Sentiment and Claims on X
- X Posts: Users like @KreatelyMedia and @teamparveen claim Pakistan’s daily loss is approximately $500,000, with flight numbers dropping from 400 to under 20. These figures, while not independently verified in traditional sources, align with estimates based on 2019 data adjusted for inflation and broader rerouting. Conversely, Pakistani users like @waqarsatti and @chsandhilaa initially claimed the closure would cost Indian airlines $500 million monthly, a figure debunked as Indian losses are spread across a larger market. @NarenMenon1 called Pakistan’s move “collective stupidity,” highlighting the loss of fees from India’s growing aviation sector.
- Critical Analysis: The $500,000 daily loss figure may be slightly exaggerated, as 2019 estimates pegged losses at $300,000–$760,000 (including PIA’s operational costs). However, the inclusion of European carriers’ rerouting and higher fees for larger aircraft could push current losses closer to the claimed amount. The drop to “less than 20 flights” lacks precise confirmation but is plausible given the reported exit of major airlines. These claims reflect Indian sentiment celebrating Pakistan’s self-inflicted economic harm, while Pakistani narratives overestimate India’s losses.
Broader Implications
- Economic Strain: Pakistan’s aviation sector, contributing $5.6 billion to GDP compared to India’s $53.6 billion, faces severe pressure.
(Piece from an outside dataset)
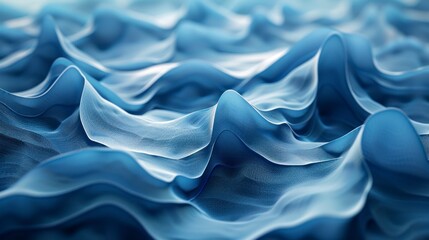 Obraz premium Layered abstract waves in various shades of blue, creating depth and tranquility.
With a debt-to-GDP ratio of 70% and reliance on IMF bailouts, the loss of overflight revenue—potentially $180 million over a year—could deepen its economic crisis.
- Regional Tensions: The airspace closures, part of broader measures like India’s suspension of the Indus Waters Treaty and trade bans, signal a dangerous escalation. The UN Security Council’s May 5, 2025, consultations and mediation offers from Russia and Iran underscore global concerns about a nuclear-armed standoff.
- Aviation Logistics: Indian flights now face longer routes, adding 2–4 hours to journeys and costing $306 crore ($36 million) monthly. IndiGo has suspended flights to Tashkent and Almaty, and Air India’s Delhi-North America routes require technical stops in Vienna or Copenhagen. Pakistan’s rerouting via China adds operational complexity, potentially isolating its aviation market.
Conclusion
Pakistan’s closure of its airspace to Indian airlines, followed by India’s reciprocal ban and European carriers’ rerouting, has slashed its daily flight traffic from 400 to fewer than 20, costing an estimated $500,000 per day in overflight fees. While 2019 data suggests losses of $300,000–$760,000 daily, the current figure is plausible given broader disruptions. Pakistan’s struggling aviation sector, dwarfed by India’s, faces significant economic fallout, while Indian carriers, though impacted, have more resilience. The standoff, rooted in the Pahalgam attack, risks further escalation, with global calls for de-escalation growing urgent. For precise updates, check sources like Reuters or India Today.